From Pole to Pole
I’m at the World Council of Church’s 10th Assembly in Busan, South Korea. It’s a gathering of Christians from all over the world and from many different expressions of Christianity – from various forms of the Orthodox Church to “free” churches (such as Mennonites and Quakers) to one of the larger groups, the Methodist family of churches around the world.
During the Assembly, I am the moderator for one of the ecumenical conversations that happens throughout the 10 days. My ecumenical conversation is on eco-justice or care for God’s earth. Prior to attending the Assembly, delegates and observers alike signed up for one of the 21 ecumenical conversations. There are church leaders from Africa, Asia, Europe, the South Pacific, Latin America, the Middle East but there are few if any people from the US in the group.
One day we heard from Rev. Tafue Lusama who is the General Secretary of the Congregational Christian Church of Tuvalu, a series of eight islands in the South Pacific. He is also an activist for the Climate Action Network and often speaks at United Nations conferences on what is happening to his homeland. Since he was young, he has observed and it has been documented that the islands are slowly being submerged into the sea. Within 30-50 years, they will be gone or at least uninhabitable. Children grow up wondering where they will live. But the effects of climate change aren’t just in the future. The islands rely on growing their own food. With the rise of the sea, the water table is flooded with salt water which destroys their gardens and therefore their food supply even now.
Another day we heard from Bishop Sofie Petersen who is an Inuit and the second female bishop in the Danish Lutheran Church, serving Greenland. She told about how Greenland observes the melting of glaciers and icebergs around them. The warming causes the permafrost to melt and that compromises the structures of their houses as they sink or sag with the thawing ground. The effects of climate change aren’t abstract or something that might happen in the future. It’s happening now.

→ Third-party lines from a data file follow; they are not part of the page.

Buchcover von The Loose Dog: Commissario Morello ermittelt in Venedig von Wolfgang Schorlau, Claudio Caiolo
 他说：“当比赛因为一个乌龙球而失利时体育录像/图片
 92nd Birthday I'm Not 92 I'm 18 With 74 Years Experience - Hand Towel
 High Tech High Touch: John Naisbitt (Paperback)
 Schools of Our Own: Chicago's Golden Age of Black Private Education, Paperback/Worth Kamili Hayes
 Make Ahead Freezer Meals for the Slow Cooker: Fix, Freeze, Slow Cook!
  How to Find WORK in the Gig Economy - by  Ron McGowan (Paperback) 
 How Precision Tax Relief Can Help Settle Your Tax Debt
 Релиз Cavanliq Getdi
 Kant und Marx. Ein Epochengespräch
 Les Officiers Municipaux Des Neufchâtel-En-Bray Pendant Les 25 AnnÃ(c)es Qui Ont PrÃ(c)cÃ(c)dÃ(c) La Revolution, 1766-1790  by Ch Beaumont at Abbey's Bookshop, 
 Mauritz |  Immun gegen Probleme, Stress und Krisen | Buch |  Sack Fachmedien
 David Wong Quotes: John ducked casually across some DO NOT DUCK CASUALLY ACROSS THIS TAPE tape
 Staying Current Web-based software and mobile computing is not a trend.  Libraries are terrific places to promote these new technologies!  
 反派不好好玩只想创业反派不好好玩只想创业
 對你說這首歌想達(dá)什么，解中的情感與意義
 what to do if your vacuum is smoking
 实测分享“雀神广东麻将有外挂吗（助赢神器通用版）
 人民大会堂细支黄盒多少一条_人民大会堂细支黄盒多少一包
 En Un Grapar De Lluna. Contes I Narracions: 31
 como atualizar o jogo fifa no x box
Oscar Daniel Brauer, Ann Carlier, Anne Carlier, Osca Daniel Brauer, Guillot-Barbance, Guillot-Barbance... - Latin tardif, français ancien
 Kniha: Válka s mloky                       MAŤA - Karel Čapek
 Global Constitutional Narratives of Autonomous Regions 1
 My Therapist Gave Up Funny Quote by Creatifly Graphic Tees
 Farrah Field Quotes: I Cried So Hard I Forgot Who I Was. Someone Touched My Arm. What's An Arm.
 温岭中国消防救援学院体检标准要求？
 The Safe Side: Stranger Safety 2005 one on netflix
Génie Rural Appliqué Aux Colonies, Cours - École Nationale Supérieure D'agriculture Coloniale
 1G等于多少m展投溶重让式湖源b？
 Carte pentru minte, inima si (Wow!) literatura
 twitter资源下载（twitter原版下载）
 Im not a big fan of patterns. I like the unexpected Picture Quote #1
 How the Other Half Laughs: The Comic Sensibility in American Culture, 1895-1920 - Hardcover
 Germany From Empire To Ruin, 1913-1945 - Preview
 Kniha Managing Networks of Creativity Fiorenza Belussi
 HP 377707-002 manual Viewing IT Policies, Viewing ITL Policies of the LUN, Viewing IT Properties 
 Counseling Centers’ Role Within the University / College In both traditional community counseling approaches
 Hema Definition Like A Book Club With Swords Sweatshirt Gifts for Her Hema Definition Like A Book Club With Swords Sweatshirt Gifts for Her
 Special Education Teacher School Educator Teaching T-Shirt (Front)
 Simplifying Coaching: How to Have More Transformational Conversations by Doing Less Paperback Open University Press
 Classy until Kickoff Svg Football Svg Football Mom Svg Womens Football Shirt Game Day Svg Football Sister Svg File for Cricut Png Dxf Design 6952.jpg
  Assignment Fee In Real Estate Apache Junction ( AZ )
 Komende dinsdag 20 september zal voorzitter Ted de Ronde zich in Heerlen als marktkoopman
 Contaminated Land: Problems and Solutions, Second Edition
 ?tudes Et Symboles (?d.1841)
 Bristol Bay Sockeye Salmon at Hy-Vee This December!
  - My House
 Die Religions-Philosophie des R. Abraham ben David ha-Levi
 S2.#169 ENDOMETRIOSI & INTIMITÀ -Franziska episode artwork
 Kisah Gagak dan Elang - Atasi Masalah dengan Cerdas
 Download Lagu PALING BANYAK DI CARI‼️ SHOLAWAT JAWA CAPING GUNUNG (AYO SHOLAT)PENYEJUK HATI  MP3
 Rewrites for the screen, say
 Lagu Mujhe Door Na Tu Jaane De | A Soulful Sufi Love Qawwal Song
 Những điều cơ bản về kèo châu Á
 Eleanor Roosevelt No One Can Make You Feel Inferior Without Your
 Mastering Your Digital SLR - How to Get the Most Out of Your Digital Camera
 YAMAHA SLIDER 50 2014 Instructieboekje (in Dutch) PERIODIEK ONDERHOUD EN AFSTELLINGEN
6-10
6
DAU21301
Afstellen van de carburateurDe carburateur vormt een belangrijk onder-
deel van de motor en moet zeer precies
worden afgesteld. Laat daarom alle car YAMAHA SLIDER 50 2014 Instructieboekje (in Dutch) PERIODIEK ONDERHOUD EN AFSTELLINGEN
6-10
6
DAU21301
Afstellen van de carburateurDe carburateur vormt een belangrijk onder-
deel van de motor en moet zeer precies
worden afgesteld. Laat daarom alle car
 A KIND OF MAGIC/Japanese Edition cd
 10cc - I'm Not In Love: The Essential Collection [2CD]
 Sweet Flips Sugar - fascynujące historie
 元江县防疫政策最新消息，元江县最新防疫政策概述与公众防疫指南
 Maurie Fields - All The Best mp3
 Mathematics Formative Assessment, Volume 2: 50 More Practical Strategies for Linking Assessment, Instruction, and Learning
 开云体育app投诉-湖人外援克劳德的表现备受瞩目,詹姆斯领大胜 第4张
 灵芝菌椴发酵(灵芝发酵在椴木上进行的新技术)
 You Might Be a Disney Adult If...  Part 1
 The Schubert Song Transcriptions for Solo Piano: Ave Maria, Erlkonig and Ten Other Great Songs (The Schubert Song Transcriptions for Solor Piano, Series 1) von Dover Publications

A United Methodist who lives in Korea told how Korea’s weather is impacted by the warming and melting of the Arctic. It is causing the weather to be much more extreme; extremely hot in the summer and extremely cold in the winter. Extreme weather is also a reality in our own country but there’s still a question for many as to whether or not climate change is real and whether it is caused by human beings.
Who except the church is able to call into question our way of living? Certainly business and industry can’t or won’t because it’s not beneficial to its own self-interest. Politicians won’t, even if they believe it, because it’s not what voters want to hear. Yet when Jesus says to love our neighbors as ourselves, he means those who live from one end of the planet to another – from Greenland to Tuvalu. He also means to love our neighbors now as well as our neighbors in the future who will live with the condition we live this planet in during our lifetime. Is care for the earth a spiritual matter? WDYT?